Exports last month rose 12.4 per cent to USD 28 billion from a year earlier, while imports fell 11.4 per cent to USD 39.23 billion, the Ministry of Commerce & Industry said.
The twin effect led to the trade deficit narrowing to USD 11.23 billion from USD 19.37 billion a year earlier. The gap, however, was wider than April's USD 10.1 billion and at a 10-month high.
According to the Commerce Ministry's data, gold imports, which had in 2013 led to a widening of the trade deficit and consequently a worsening current account deficit (CAD), fell 72 per cent to USD 2.19 billion.

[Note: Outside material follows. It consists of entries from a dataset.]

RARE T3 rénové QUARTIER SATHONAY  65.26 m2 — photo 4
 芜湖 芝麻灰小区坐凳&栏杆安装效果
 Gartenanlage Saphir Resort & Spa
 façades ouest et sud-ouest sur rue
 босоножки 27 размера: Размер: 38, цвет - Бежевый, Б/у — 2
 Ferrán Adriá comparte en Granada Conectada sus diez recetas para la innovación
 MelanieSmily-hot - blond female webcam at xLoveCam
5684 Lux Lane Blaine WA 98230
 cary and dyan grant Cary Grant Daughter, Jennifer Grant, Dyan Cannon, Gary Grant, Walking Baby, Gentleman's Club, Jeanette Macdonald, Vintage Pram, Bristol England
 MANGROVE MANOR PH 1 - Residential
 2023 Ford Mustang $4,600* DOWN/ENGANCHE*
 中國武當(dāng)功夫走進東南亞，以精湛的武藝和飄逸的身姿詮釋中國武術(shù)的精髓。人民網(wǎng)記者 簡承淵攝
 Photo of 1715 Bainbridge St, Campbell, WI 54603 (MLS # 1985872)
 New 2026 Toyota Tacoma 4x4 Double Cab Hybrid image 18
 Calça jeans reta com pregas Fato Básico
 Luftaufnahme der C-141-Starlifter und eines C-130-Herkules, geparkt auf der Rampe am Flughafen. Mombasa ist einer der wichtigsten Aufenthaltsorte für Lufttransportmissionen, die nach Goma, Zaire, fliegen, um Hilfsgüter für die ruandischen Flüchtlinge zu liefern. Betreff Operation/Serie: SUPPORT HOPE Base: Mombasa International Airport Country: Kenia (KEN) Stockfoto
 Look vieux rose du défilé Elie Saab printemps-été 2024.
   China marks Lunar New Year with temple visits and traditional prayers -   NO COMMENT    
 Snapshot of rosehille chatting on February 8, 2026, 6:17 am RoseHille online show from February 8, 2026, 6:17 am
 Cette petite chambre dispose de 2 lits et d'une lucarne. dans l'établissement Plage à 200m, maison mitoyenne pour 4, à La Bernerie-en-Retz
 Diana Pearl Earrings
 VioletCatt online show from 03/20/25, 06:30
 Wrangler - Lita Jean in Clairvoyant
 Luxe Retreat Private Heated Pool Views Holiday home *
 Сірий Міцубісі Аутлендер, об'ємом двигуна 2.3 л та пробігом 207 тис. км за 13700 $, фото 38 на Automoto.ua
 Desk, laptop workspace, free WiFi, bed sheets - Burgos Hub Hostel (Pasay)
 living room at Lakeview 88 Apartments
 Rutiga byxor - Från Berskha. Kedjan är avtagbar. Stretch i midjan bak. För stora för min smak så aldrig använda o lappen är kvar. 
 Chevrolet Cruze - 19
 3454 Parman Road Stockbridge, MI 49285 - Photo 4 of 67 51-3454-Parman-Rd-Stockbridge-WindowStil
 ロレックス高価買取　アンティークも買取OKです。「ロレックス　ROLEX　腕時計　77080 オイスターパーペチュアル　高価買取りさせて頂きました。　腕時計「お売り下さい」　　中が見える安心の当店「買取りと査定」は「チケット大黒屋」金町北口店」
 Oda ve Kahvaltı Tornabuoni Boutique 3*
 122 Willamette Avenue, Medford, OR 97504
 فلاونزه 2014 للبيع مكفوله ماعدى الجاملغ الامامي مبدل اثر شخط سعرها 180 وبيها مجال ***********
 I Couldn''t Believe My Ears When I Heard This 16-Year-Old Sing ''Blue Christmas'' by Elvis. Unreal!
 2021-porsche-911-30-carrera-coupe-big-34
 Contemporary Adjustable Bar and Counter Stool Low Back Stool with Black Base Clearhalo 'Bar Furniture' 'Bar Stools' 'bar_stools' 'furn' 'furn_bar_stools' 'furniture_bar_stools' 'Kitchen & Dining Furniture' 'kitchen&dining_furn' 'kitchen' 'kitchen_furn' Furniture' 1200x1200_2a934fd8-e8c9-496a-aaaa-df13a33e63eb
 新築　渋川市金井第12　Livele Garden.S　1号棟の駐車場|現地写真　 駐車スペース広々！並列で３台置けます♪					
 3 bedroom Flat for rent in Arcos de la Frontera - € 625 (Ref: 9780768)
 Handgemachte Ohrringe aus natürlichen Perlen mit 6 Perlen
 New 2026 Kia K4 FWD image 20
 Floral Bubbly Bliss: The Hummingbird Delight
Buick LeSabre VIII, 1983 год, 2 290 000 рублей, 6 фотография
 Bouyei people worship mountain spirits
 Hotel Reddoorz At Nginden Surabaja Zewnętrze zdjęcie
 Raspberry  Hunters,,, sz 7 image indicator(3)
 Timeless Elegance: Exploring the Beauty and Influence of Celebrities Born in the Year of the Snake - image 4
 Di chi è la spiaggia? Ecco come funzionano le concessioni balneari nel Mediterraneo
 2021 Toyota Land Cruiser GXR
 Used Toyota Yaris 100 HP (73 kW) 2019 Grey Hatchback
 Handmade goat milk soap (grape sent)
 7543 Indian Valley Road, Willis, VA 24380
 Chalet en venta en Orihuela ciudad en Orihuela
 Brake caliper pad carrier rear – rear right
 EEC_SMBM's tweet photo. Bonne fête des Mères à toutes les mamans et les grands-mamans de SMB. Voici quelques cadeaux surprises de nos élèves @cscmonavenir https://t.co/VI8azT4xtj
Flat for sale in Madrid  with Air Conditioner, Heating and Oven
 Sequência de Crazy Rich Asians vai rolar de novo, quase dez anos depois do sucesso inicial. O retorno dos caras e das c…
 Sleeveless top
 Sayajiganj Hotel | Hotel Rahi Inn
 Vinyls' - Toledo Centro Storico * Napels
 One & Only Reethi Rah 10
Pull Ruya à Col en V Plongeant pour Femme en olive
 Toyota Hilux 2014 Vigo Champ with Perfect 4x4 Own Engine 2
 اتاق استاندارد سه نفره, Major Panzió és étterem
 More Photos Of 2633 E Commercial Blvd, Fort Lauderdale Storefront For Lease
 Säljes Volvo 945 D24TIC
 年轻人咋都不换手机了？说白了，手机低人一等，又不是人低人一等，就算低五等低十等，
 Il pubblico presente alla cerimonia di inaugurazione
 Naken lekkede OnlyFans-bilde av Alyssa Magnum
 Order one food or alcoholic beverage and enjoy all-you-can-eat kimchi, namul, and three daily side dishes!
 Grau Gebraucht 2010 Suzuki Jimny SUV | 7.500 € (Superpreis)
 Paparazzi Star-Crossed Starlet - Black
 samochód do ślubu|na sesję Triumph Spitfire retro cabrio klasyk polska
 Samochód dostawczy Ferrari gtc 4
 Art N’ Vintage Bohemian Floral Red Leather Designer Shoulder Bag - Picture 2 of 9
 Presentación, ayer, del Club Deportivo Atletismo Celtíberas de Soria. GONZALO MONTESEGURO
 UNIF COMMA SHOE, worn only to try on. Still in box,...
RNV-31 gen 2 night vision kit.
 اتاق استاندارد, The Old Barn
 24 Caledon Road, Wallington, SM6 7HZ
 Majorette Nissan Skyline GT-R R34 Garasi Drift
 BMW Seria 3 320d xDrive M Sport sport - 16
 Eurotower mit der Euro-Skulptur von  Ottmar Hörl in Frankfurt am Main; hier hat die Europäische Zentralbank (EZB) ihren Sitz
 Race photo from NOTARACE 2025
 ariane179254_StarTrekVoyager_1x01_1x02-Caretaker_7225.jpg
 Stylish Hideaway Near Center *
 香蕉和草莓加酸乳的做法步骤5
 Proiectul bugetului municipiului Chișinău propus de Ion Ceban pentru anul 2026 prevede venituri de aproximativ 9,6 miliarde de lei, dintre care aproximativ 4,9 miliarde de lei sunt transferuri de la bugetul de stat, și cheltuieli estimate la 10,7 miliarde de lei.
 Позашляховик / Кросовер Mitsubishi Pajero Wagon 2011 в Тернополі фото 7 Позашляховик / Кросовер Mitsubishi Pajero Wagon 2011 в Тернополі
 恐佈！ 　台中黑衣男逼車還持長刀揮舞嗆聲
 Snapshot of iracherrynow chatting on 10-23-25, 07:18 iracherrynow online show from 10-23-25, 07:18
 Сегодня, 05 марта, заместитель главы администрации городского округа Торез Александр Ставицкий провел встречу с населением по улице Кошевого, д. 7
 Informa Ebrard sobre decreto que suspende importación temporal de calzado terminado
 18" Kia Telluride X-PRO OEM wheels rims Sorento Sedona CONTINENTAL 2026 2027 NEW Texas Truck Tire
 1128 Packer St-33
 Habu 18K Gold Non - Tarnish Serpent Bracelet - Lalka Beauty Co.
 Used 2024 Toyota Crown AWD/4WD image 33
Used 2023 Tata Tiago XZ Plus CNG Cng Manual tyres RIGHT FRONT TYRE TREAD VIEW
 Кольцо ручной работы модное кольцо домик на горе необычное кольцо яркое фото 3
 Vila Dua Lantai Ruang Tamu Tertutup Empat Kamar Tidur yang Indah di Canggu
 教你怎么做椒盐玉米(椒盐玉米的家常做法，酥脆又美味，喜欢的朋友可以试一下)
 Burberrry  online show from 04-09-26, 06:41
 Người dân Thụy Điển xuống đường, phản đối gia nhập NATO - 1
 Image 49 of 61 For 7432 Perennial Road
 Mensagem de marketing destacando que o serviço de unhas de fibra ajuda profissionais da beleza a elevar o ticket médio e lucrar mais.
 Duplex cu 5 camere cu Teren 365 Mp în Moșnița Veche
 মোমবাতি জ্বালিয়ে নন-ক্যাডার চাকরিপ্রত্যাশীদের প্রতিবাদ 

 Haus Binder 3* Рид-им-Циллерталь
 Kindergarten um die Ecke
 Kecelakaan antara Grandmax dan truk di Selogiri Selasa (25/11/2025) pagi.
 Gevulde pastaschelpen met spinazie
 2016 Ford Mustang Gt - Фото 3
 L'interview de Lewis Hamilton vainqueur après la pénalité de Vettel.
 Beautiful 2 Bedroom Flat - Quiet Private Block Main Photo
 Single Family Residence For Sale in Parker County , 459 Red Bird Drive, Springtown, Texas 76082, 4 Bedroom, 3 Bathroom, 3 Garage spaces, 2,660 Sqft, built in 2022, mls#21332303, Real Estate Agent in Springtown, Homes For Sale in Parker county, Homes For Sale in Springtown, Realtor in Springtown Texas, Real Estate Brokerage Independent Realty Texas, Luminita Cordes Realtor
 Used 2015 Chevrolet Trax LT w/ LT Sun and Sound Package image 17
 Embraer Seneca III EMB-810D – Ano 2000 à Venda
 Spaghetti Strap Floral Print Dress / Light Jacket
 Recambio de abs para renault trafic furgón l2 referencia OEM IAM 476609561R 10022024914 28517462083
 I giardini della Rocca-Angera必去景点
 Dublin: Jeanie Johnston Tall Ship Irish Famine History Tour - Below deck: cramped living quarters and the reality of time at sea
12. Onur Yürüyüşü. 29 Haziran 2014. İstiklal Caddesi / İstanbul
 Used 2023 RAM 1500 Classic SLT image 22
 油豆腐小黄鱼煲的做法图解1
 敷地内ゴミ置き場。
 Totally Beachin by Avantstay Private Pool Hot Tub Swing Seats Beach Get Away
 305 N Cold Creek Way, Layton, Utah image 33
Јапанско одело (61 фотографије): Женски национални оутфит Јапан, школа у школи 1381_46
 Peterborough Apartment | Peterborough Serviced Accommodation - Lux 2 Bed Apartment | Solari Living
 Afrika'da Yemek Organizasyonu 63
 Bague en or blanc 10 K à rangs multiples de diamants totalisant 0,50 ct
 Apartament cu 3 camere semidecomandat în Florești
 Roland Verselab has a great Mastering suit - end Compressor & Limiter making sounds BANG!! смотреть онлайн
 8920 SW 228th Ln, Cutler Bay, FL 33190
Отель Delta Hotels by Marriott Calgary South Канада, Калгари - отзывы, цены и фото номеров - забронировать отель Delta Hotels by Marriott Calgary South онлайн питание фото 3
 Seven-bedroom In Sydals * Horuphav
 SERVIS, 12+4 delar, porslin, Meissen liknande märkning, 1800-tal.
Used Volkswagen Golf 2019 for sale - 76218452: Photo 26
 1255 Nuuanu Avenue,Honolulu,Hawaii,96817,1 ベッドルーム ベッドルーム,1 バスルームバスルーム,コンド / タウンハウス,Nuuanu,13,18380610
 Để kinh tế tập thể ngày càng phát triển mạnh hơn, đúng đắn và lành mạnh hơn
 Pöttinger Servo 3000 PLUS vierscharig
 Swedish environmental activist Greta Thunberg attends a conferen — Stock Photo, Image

Encouraged by the trade data, the Commerce Ministry has asked the Finance Ministry to ease gold import restrictions, which were imposed last year to check the widening CAD.
"It is definitely an encouraging sign," Commerce Secretary Rajeev Kher told reporters here. "If this trend sustains then I am sure we are reviving... It seems that they (export products) are now acquiring their natural levels."
Kher said his ministry was in favour of rationalisation of levies and rules related to gold imports. The government increased the import tax on gold to the current level of 10 per cent.
He said the appreciating rupee was not a factor in the double-digit export growth.
"There is a positive spirit and if this trend continues the next month then I will definitely be saying that there is a revival (in global demand). So, I would like to see the next month also," he added.
Asked about the export target for 2014-15, he said: "We are working towards something like USD 1 billion exports on a daily basis."